At the film’s center is the friendship between Rick Dalton (Leonardo DiCaprio) and Cliff Booth (Brad Pitt). DiCaprio and Pitt are both superb: DiCaprio brings volatile insecurity and yearning to Rick, while Pitt offers a laid-back, charismatic performance as Cliff that grounds the movie’s more meandering tendencies. Their chemistry—warm, convincing, and at times bittersweet—turns the movie into, in many ways, a deeply felt buddy picture. Tarantino borrows elements from Westerns and classic studio-era storytelling to shape their relationship, making their bond the emotional core that holds the film together.

The inclusion of the Manson Family murders and the figure of Charles Manson functions here as both historical backdrop and narrative fulcrum. Tarantino reinterprets and reimagines historical events in a manner he has used before: he bends history to suit his moral and cinematic aims. That approach is provocative, and in this case it raises difficult questions about the ethics of rewriting violent events for entertainment. The director seems directly responsive to critics who have accused his work of glamorizing or excusing violence, especially violence toward women, and the film’s climactic sequence reads as a defiant rejoinder—an audacious, gleefully cinematic answer that has proven divisive.

There are moments of pure exhilaration in the final act; Tarantino’s command of tension and release is on full display. That same sequence, however, highlights a central tension in the film: while the finale is one of Tarantino’s most striking and uncompromising pieces of filmmaking, it also underlines how much of the movie serves the director’s own voice and grievances. To fully appreciate the film, an audience member must not only recognize the many cinematic references but must often be attuned to Tarantino’s larger persona and preoccupations—something that may alienate viewers less versed in his body of work or Hollywood lore.

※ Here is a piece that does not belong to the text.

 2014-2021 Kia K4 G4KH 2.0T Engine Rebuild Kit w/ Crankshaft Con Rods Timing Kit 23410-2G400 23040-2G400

Structurally, the film’s 2-hour-41-minute runtime (reduced from an even longer original cut) produces mixed results. The pacing frequently luxuriates, and at times the narrative feels disjointed, with chapters that meander and sequences that primarily showcase atmosphere rather than forward momentum. Still, this leisurely pace allows for memorable character moments: DiCaprio’s unguarded outburst in one scene and Pitt’s steady, laconic presence in so many others create a believable, lived-in world.

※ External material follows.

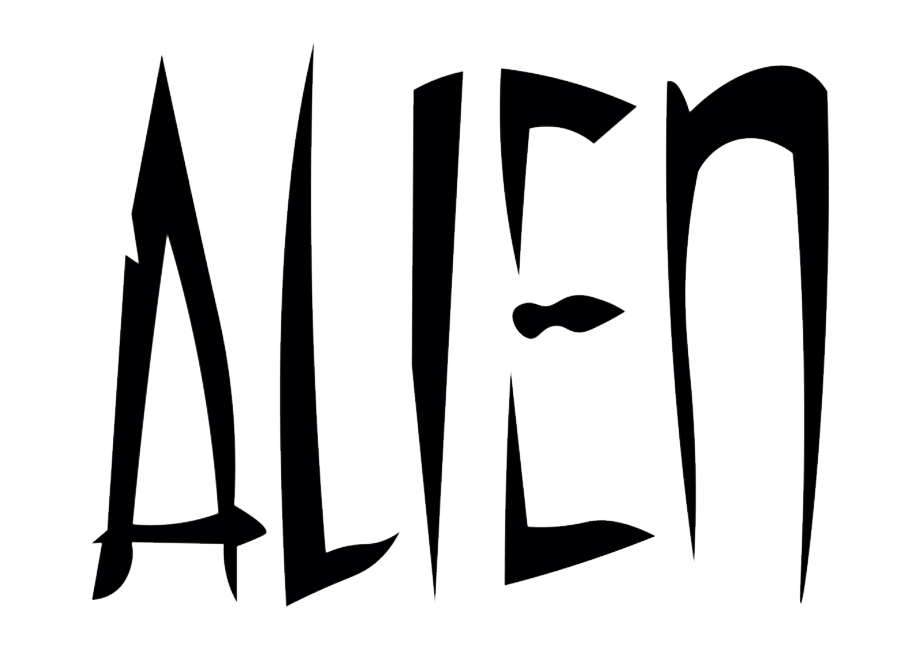 موقلير الين Mugler Alien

Supporting performances are strong across the board. Margot Robbie’s portrayal of Sharon Tate is gentle and luminous, offering a humane center amid the surrounding darkness and artifice. The cast—veterans and newcomers alike—brings texture and authenticity, reinforcing Tarantino’s knack for assembling ensembles who feel like real people inhabiting a highly stylized reality.

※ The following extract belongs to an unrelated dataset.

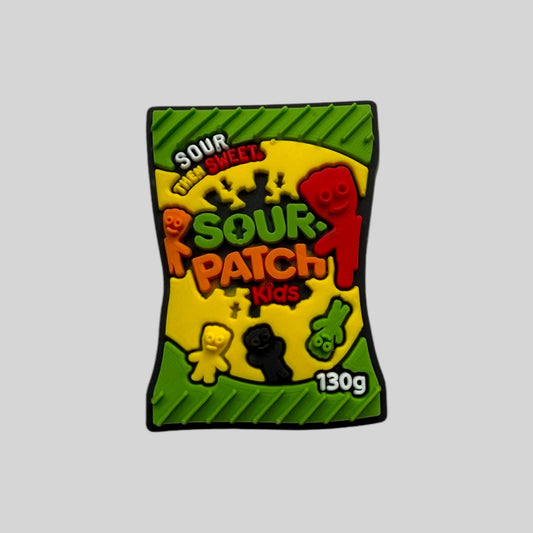 Sour Patch | Food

Technically, the film excels: the production design, wardrobe, and cinematography combine to produce one of Tarantino’s most visually assured pictures. Editing choices during tense sequences sharpen suspense, and the film’s soundtrack reinforces its nostalgic pull. Yet the same confident technical craftsmanship sometimes amplifies the film’s indulgences; when the director points the camera back at his own canon, the result can feel less like homage and more like self-referential looping.

Ultimately, Once Upon a Time… in Hollywood is a complex and personal film. It will be celebrated by those who relish Tarantino’s stylistic bravado and his willingness to reshape history for dramatic effect, while frustrating viewers who prefer a stricter focus on narrative cohesion. It is at once one of his most polished, film-literate works and one of his most unabashedly self-aware—perhaps even self-critical—pieces. Whether that self-awareness reads as courageous reinvention or weary self-parody will depend largely on the viewer’s appetite for the director’s voice.